#### [RECORDS TO PROCESS]
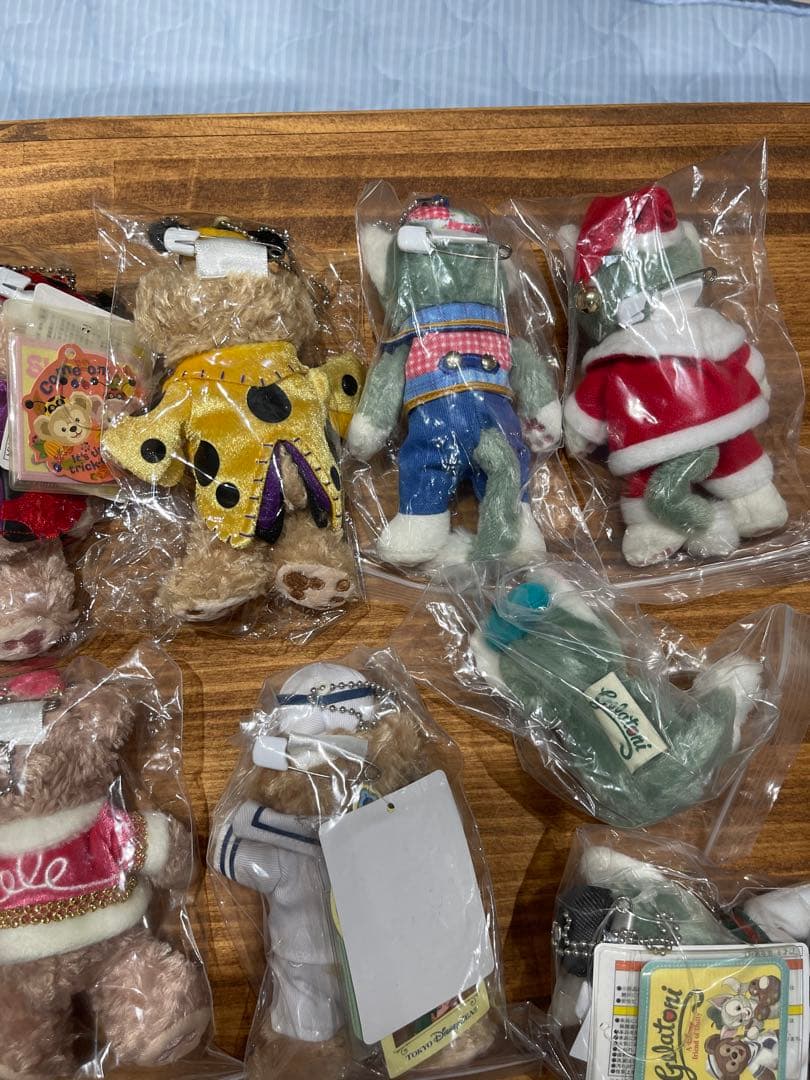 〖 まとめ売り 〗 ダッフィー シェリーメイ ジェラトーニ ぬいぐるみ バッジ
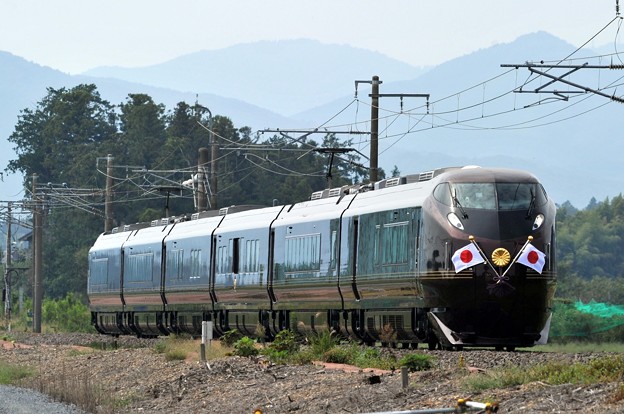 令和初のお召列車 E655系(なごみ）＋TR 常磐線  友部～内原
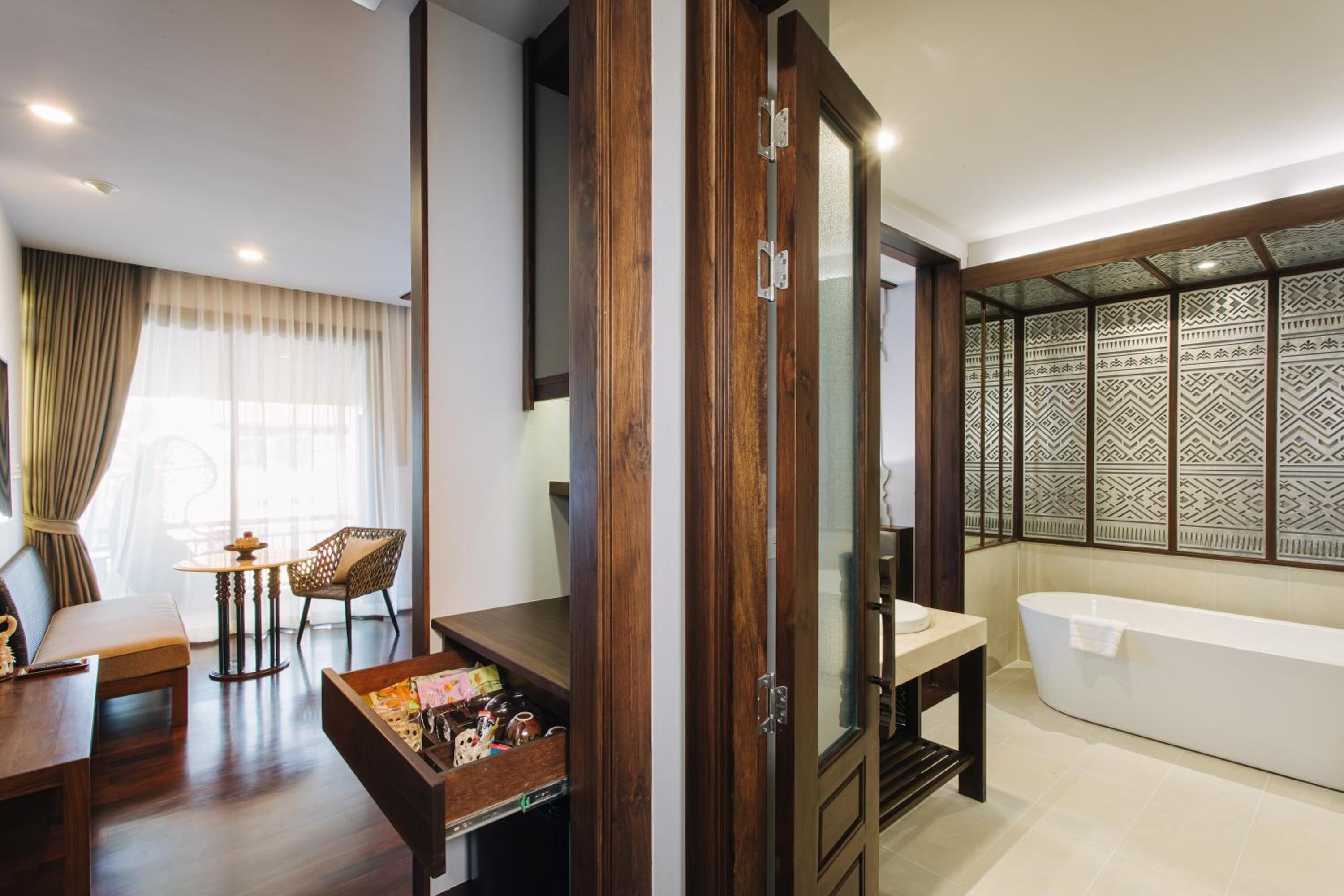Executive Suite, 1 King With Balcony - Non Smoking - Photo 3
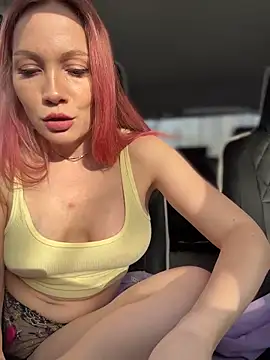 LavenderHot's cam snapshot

* * *

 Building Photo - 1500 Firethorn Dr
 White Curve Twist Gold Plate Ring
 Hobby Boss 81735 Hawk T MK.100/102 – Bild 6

#### [WHAT YOU SHOULD DO]
In the records above, find the line with "令和初のお召列車 E655系(なごみ）＋TR 常磐線". Print exactly from there through the line with "LavenderHot's cam snapshot", minus the pictures.

#### [EXPECTED OUTPUT]
 令和初のお召列車 E655系(なごみ）＋TR 常磐線  友部～内原
Executive Suite, 1 King With Balcony - Non Smoking - Photo 3
 LavenderHot's cam snapshot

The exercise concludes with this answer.